Jenny pointed out to me that there is one, and I think she’s right. Even when the feature set of the project can be neatly broken down — and not every project can be broken down into time-boxed releases — there is additional overhead that’s added. Each release must be planned. The team needs to package and deploy the software. The project needs to be wrapped up and the team needs to get trained up on the next release. And while the development team may be able to handle that relatively seamlessly, users tend to move more slowly and be less adaptive or responsive to change.

The problem is compounded if there is a software testing component. Any time the development team touches existing code, the testers need to run regression tests to make sure the current behavior is intact. And just because the iterations are relatively easy on the developers, it doesn’t mean that the testers will also be able to finish quickly. If there are small changes to many parts of the software, it can require a large testing effort. This is why iteration can mean a great deal of rework for the test team.

Any time there a project is broken into a set of time-boxed release cycles, there’s going to be an “efficiency gap” — the difference between the effort required to develop the project all at once, and the larger effort required to build and deliver the software in small, iterative phases. The question of whether or not to apply iterative development to a particular project can then come down to a question of whether the cost of iteration or phase planning is offset by the gain in flexibility and stakeholder perception.
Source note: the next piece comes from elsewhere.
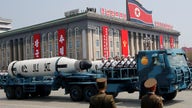 US slaps North Korea with new sanctions targeting the 'regime’s global illicit networks'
So can this efficiency gap be measured? Obviously, it’s not possible to measure the actual efficiency gap, so it would be necessary to come up with a proxy for it. One way to measure might be to look for regression defects: keep track of the effort or lines of code required to repair defects discovered by unit tests or functional tests which passed for previous releases. Another way would be to compare the number of lines of code added to the number of lines modified or deleted — the higher this ratio, the less overlap between releases. These metrics could be useful for determining exactly how long a phase should be: if it seems like the interations are inefficient, it might make sense to add more scope and time to each iteration. If this improves efficiency, then it may be possible to keep modifying the iteration size until the team finds a good “sweet spot”.